D. Fluorescence XAS measurements of samples with iron loading below 1 wt. %
One of the further main objectives for this setup is to enable the XAS measurements in the fluorescence mode of samples with low iron loading at temperatures of up to 1000 °C without interference signals from the surrounding Fe-containing environment. For this purpose, the housing of the oven has been made of iron-free Cu-ETP [energy-dispersive x-ray spectroscopy (EDX) measurement cf. Fig. S5, XRF measurement cf. Fig. S6] instead of aluminum.29 At the same time, the N-type thermocouple sheath is made of iron-free Nicrotherm DTM, and finally, the iron containing Kanthal A1 heating wire (iron–chromium–aluminum alloy47) is protected from x rays through the arrangement of the windows. The entrance window of the x-ray fluorescence detector can be shielded with iron-free copper sheets instead of aluminum foil to reduce Fe fluorescence background signals from the surrounding equipment at the beamline. With the proposed cell design, it was possible to measure Fe Kα x-ray fluorescence of a 0.04% Fe/SiO2 sample with 90% of the fluorescence signal originating from the sample (cf. Fig. S7). The residual x-ray fluorescence Fe background signals most likely originated from the surrounding beamline equipment and not from the microreactor setup (cf. Fig. S7). Therefore, the proposed arrangement gave the best compromise between the low Fe x-ray fluorescence noise and the optimal temperature profile along the catalyst bed.
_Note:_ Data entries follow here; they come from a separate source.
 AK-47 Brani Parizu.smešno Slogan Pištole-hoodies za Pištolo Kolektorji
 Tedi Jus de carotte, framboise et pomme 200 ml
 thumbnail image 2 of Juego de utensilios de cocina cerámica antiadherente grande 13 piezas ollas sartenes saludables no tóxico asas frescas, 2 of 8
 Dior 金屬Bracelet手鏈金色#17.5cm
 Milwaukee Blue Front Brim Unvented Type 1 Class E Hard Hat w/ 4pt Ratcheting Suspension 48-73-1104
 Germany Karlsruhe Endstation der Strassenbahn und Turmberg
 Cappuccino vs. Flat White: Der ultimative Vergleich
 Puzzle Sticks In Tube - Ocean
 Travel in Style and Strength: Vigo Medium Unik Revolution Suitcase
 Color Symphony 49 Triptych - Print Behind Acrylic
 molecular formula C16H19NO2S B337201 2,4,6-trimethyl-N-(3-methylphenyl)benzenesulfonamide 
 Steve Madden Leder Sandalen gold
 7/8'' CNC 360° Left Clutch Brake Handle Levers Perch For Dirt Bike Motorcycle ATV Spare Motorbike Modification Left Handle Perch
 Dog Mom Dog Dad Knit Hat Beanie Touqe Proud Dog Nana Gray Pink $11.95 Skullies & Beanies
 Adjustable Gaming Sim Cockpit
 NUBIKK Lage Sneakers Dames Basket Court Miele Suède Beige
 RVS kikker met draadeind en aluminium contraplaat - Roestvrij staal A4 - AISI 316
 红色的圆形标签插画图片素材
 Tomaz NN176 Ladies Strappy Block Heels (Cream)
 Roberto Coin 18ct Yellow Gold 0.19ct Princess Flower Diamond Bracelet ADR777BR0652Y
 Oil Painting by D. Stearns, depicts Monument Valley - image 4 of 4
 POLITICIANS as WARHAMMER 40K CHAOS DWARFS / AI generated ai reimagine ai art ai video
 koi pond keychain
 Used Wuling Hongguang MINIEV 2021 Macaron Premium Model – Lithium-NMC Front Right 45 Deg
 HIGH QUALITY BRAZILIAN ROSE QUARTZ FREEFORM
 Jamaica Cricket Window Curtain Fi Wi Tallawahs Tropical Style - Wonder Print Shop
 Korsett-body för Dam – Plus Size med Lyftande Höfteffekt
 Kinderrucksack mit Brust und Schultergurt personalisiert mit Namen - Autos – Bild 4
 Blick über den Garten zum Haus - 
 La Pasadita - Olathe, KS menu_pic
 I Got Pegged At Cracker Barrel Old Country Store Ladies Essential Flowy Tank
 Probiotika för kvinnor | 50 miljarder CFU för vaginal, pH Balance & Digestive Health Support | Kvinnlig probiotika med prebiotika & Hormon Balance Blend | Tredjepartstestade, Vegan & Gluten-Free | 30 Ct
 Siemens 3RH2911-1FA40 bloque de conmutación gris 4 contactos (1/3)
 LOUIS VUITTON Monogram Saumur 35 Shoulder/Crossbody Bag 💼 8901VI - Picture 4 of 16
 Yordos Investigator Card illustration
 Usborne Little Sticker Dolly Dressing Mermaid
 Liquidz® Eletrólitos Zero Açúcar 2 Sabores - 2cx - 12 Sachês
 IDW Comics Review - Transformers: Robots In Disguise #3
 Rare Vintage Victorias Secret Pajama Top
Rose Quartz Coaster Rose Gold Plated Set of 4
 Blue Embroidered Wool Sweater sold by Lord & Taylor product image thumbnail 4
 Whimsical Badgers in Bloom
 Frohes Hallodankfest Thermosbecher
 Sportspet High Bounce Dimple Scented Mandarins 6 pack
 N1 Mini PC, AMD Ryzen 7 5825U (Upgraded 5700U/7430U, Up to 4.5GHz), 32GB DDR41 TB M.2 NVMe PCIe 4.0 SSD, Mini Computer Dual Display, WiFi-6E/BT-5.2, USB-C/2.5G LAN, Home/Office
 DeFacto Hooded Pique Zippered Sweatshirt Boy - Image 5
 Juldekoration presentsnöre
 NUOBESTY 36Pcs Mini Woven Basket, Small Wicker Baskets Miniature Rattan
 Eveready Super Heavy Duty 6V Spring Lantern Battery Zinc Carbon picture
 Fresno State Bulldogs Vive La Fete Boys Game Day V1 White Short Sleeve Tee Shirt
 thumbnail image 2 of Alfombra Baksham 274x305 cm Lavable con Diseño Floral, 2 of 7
III. APPLICATION: XANES/EXAFS INVESTIGATIONS
A. Experimental
XAS measurements were conducted at the P65 beamline of the PETRA III synchrotron radiation source (DESY, Hamburg) in the transmission mode using ionization chambers for Pd K-edge (24.350 keV) and combining transmission/fluorescence mode using an additional 7 pixel HPGe detector (Canberra GmbH) for Fe K-edge (7.112 keV).40 The source of x rays is an 11 period undulator, and higher harmonics were rejected by a pair of plane mirrors (Si for Fe K-edge and Pt-coated Si for Pd K-edge) installed in front of the monochromator. The energy of x-ray photons was further selected by Si(111) for Fe K-edge and Si(311) for Pd K-edge double-crystal monochromators, and the beam size was set with slits to 1.0 × 0.2 mm2. XANES spectra were recorded in the rapid continuously scanning mode, and EXAFS spectra were acquired in the step scanning mode. The spectra were processed using the ATHENA program from the Demeter software package.48 The catalyst powder (sieved fraction size = 100 µm–200 µm) was loaded in a quartz capillary (100 mm length, outer diameter = 1.5 mm, and wall thickness = 0.02 mm) and fixed between two quartz wool plugs. Gases were dosed with the mass flow controllers (Bronkhorst) and analyzed with either the mass spectrometer (MS, Pfeiffer Vacuum, OmniStar GSD 320 T) or the online Fourier-transform infrared spectrometer (FTIR, MKS, Multigas MG2030). The exhaust gas lines were heated to 150 °C.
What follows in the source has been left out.